DATA SUPPLIED:
● ● ● ●

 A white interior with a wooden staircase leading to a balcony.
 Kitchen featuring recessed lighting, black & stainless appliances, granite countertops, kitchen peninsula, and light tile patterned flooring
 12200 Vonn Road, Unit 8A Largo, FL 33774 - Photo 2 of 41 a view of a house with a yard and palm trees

● ● ● ●

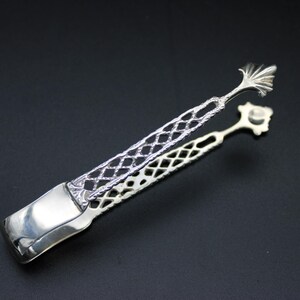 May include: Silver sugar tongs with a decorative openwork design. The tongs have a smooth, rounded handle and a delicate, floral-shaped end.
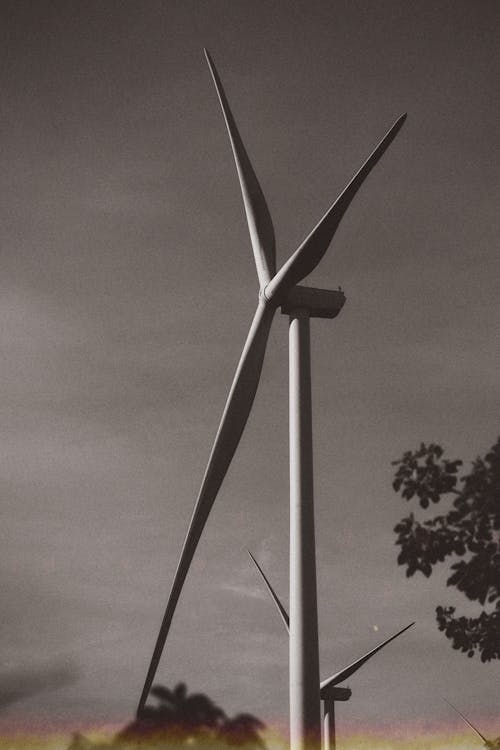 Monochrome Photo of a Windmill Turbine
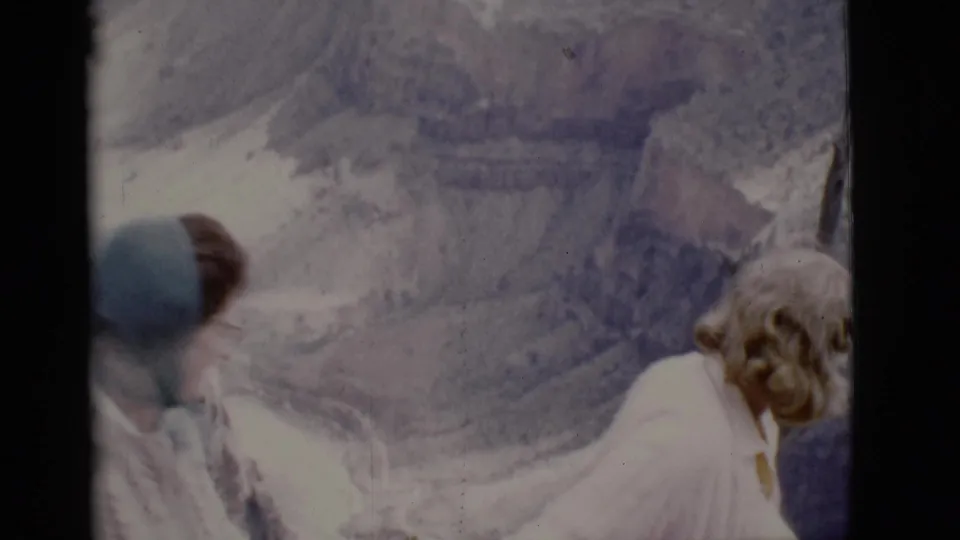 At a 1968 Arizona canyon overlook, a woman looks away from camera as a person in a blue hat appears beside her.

● ● ● ●

TASK STATEMENT:
All lines above starting at the one with "May include: Silver" and ending at the one with "At a 1968 Arizona", inclusive, are to be printed again exactly, with the pictures left out.

RESPONSE TO THIS EXERCISE:
 May include: Silver sugar tongs with a decorative openwork design. The tongs have a smooth, rounded handle and a delicate, floral-shaped end.
 Monochrome Photo of a Windmill Turbine
 At a 1968 Arizona canyon overlook, a woman looks away from camera as a person in a blue hat appears beside her.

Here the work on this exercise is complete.